I’ve never been a fan of Peyton Manning. I thought he was a bum coming out of Tennessee and seemingly had those thoughts confirmed when, after Manning’s four straight years of losing to the University of Florida, Tee Martin, the very next quarterback and a Black dude at that, won the National Championship with Manning’s old Volunteers.

I was convinced that Manning would go the way of Dan Marino.

A bum yes, but a highly celebrated, statistically spectacular bum that could do anything and everything but win when it counted.

However, head coach Tony Dungy, a Black man, got Manning a Super Bowl ring in 2007, simultaneously becoming the first Black head coach to earn one himself.

Then strangely, oddly, ridiculously, Dungy resigned after the 2008 season.

As a condition of his resignation, Dungy left assistant coach and fellow Black man Jim Caldwell in charge of the Colts from the 2009 season on.

In his first season as head coach, Caldwell guided the Colts to a 14-0 start and a Super Bowl appearance that resulted in a loss to the New Orleans Saints.

This year, going into last night’s game against the Tennessee Titans, the Colts were 6-6 and Peyton Manning had thrown 11 interceptions in his last 3 games.

Read that stat again: 11 interceptions in 3 games and four of them have gone the other way for touchdowns.

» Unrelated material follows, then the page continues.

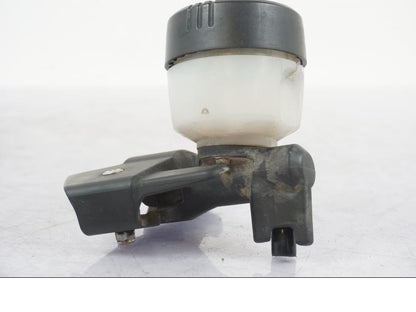 Vänster sida på Bromshuvudcylinder från en BMW R 1200 GS -2005 motorcykel.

Now, I’m not suggesting that Peyton Manning’s an overt racist. Still, as the corresponding approval ratings for former president George W. Bush and current president Barack Obama attest, more Americans would rather follow a white nincompoop than a Black genius.

And make no mistake: if ownership decides to choose between Manning and Caldwell, Caldwell’s toast.

One of the excuses that I heard bandied about concerning why Wilt Chamberlain never won more than two NBA championships was that Chamberlain believed that his white coaches would get all the credit.

Maybe, even subconsciously, Peyton Manning feels the same about his Black coach.

Or maybe he’s just having a bad season.